Working with Models and Predictions#
Some checks, mainly the ones related to model evaluation, require model predictions in order to run.
In deepchecks, predictions are passed into the suite / check run
method in one of the following ways:
Passing a model object that will compute the predictions on the input data.
Passing pre-computed predictions.
Passing pre-computed predictions is a simple alternative to passing a model. It is specifically recommended to use this option if your model object is unavailable locally (for example if placed on a separate prediction server) or if the predicting process is computationally expensive or time consuming.
Supported Tasks and Predictions Format#
Deepchecks currently supports model predictions for regression, binary and multiclass classification tasks. Whether provided from a model interface or as a pre-computed predicted values, the predictions must be in the following format based on the task type:
Predicted values: should be provided as an array-like of shape
(n_samples,)
, containing the predicted value for each sample in the dataset. Predicted values are required for all task types.Probabilities per class: should be provided as an array-like of shape
(n_samples, n_classes)
containing the predicted probability of each possible class for each sample in the dataset. The probabilities per class should be provided in a alphanumeric order based on the classes names. Probabilities per class are only relevant for classification tasks. If predicted probabilities are not supplied, checks and metrics that rely on the predicted probabilities (such as ROC Curve and the AUC metric) will not run.
Note
For classification tasks, Deepchecks require the list of all possible classes in the order they appear at the
probabilities per class
vector (alphanumeric order). It can either be inferred based on provided data and model
or supplied via the Dataset’s label_class
argument.
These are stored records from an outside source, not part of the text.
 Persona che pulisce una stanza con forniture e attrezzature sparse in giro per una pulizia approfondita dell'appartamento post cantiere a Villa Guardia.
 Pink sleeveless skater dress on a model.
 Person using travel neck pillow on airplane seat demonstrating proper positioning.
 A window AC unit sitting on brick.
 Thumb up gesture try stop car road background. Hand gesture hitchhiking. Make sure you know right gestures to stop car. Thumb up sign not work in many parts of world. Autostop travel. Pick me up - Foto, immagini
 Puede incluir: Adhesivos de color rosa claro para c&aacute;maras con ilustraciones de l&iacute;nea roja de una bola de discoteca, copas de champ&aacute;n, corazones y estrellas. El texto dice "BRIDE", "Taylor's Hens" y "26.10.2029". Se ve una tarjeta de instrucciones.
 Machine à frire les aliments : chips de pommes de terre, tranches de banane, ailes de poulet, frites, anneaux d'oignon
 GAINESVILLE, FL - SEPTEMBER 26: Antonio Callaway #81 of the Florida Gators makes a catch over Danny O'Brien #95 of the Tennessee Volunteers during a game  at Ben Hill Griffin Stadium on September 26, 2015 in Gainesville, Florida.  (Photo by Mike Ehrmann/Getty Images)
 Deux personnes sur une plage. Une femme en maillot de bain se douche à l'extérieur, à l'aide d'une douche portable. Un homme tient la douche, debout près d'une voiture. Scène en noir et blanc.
For binary classification, the class with the greater
alphanumeric value is considered the positive class.
Passing a Model#
Deepchecks requires models to follow the scikit-learn API conventions for calculating predicted values and probabilities per class. Therefore built-in scikit-learn classifiers and regressors, along with many additional popular models types (e.g. XGBoost, LightGBM, CatBoost etc.) are supported out of the box.
Specifically, deepchecks requires the following methods to be implemented in the model object:
predict
method which receives an array-like of shape(n_samples, n_features)
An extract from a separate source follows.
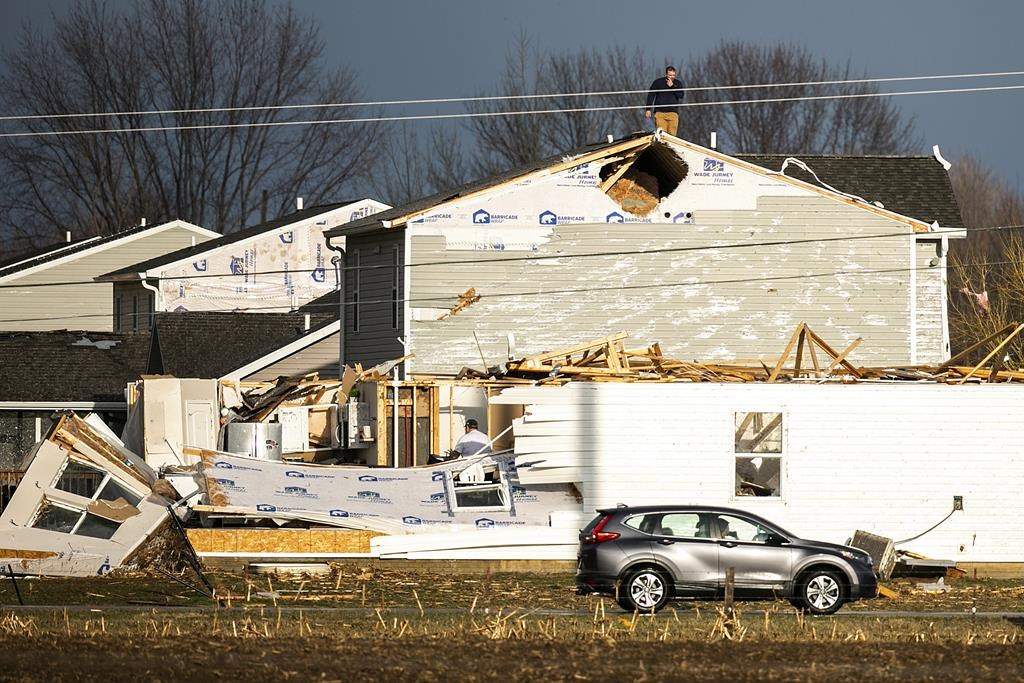 A person walks on the roof of a building damaged in a storm after a tornado warning in Johnson County, Friday, March 31, 2023, in Hills, Iowa.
containing the input features and returns predicted values.predict_proba
method which receives an array-like of shape(n_samples, n_features)
containing the input features and returns probabilities per class. This method is optional and relevant only for classification tasks.
Running Deepchecks With a Supported Model#
from deepchecks.tabular.datasets.classification.iris import load_data, load_fitted_model
from deepchecks.tabular.suites import model_evaluation
ds_train, ds_test = load_data(data_format='Dataset', as_train_test=True)
rf_clf = load_fitted_model() # trained sklearn RandomForestClassifier
result = model_evaluation().run(train_dataset=ds_train, test_dataset=ds_test, model=rf_clf)
Adapting Your Custom Model#
If you are using a model that does not support those interfaces you can either add the required methods to the model’s class or create a wrapper class that implements the required interfaces by calling the relevant APIs of your model. Below is a general structure of such wrapper class.
>>> class MyModelWrapper:
... def predict(self, data: pd.DataFrame) -> np.ndarray:
... # Implement based on base model's API.
... ...
... def predict_proba(self, data: pd.DataFrame) -> np.ndarray:
... # Implement based on base model's API, only required for classification tasks.
... ...
... @property
... def feature_importances_(self) -> pd.Series: # optional
... # Return a pandas Series with feature names as index and their corresponding importance as values.
... ...
Feature Importance (Optional)#
Some checks uses the model’s
feature importance
in their analysis. By default, if available, it is extracted directly from the model via property
(feature_importances_
or coef_
for a linear model) otherwise it is calculated
using sklearn permutation_importance. The required format for the feature importance is a pandas series with feature names
as index and their corresponding importance as values.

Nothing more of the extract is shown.